A lot has happened since my last entry and honestly, I don’t know where to start. Probably I’ll just talk about what hurt me the most.

I can’t tell if I’m okay or not. But I am trying to be. I’m too sad to be happy but too tired to cry at the same time, I always get that feeling.

I have a lot in mind but I don’t know how to put it in words. 

I lost a friend. A special one. A bestfriend I guess. I don’t even know what we are but he is important to me. we haven’t talked to each other for more than a week already. I miss him. I miss talking to him. I miss our conversations. I wonder if he does too. But i guess he does not, he wanted to end our friendship, without a clear explaination. He left me clueless. And it hurt. Still hurts.
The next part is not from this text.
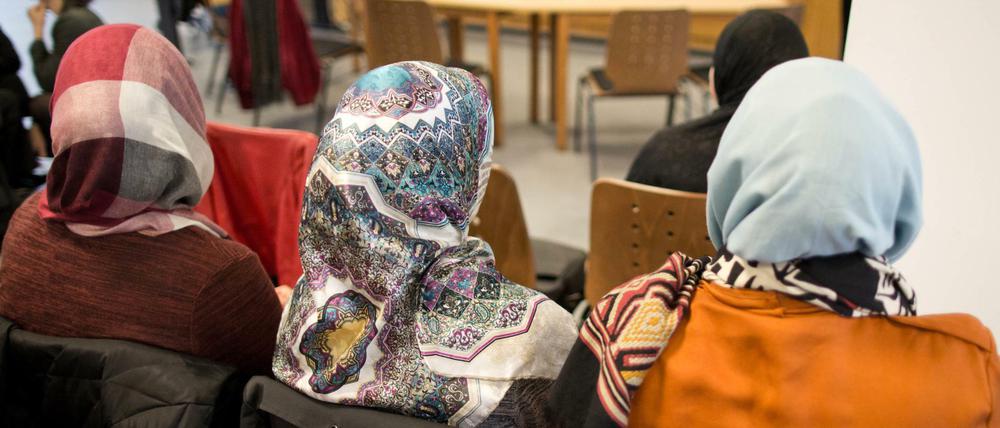 Die Debatte um Kopftücher bei Beamtinnen geht weiter. Zahlreiche Verfahren liegen an.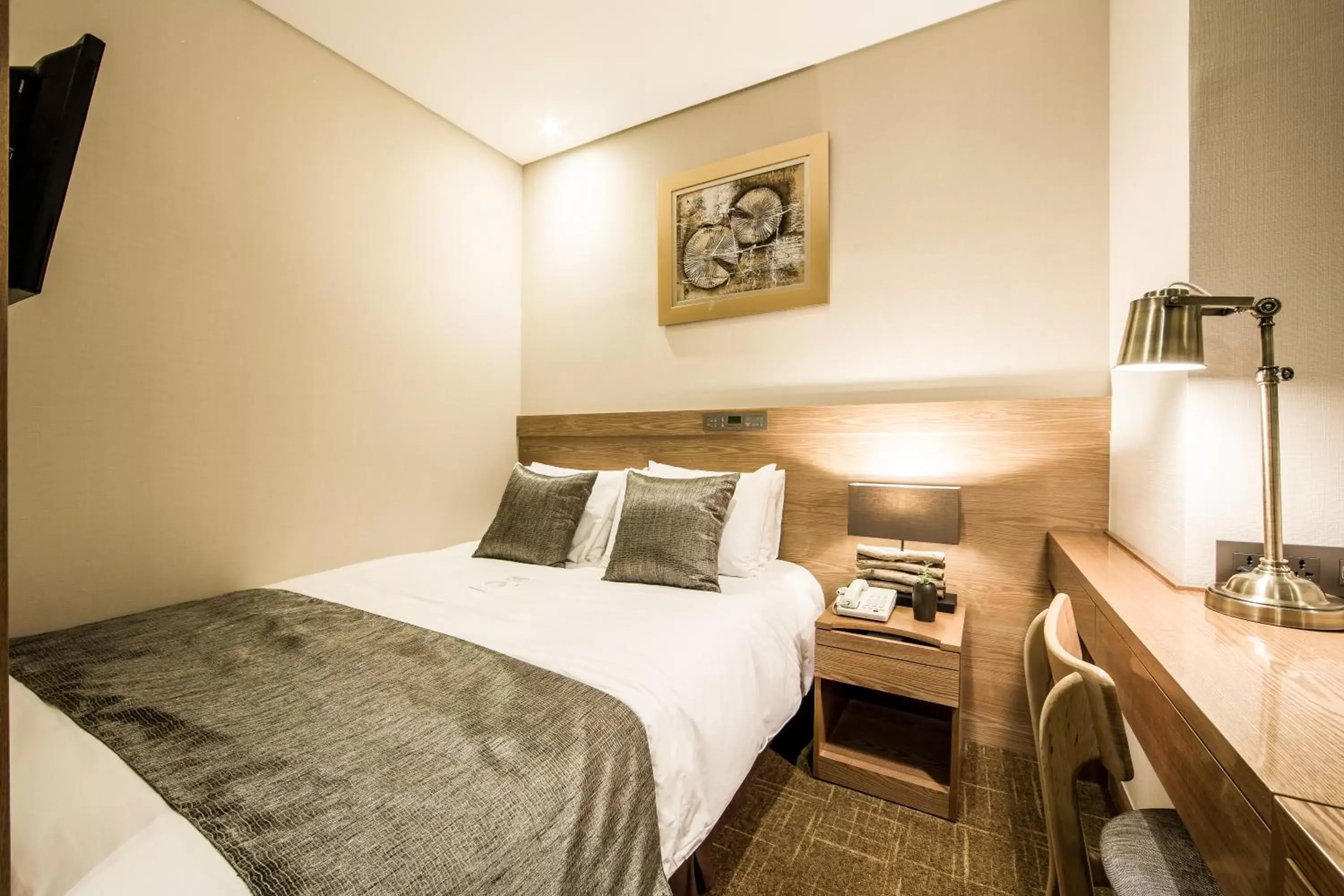 Inside Double Room - No Window in Golden Seoul Hotel Inside Double Room - No Window in Golden Seoul Hotel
It hurts everytime I remember or I reread our past conversations and everytime I remember his promise. But I’m trying to be okay, I will be eventually. I know it will just pass. It has to. 

I’m tired of holding people back so I’m teaching myself to let go. People come and go. Everyone will leave eventually I know that, even if they promised a thousand times that they won’t. I just can’t help not to get sad when people do. It still hurt eventhough i saw it coming. 

I’ve lost a lot of people already. not literally, but their presence. It’s hard when you get attach easily because it will also be hard to move on when people leave. I know how hard and painful it is to be left behind especially without any explainations. That’s why I don’t leave people unless there is a valid reason and I think that’s why it hurts so much when people leave me. 

I wish I can keep the people I have right now forever. Wouldn’t it be great? No more goodbyes. No more feeling of loneliness. But it can’t be because of the innevitable thing called CHANGE. 

 

 

One thought on “Goodbyes & Changes”

  1. I definitely know the feeling that you’re experiencing. It’s soooo painful & I wish we didn’t have to go threw it. Just remember you’re not holding people back. Know your value and worth. You are wonderful and beautiful. & sometimes life just sucks, but it only gets better with age. or so I hope. Sending happiness!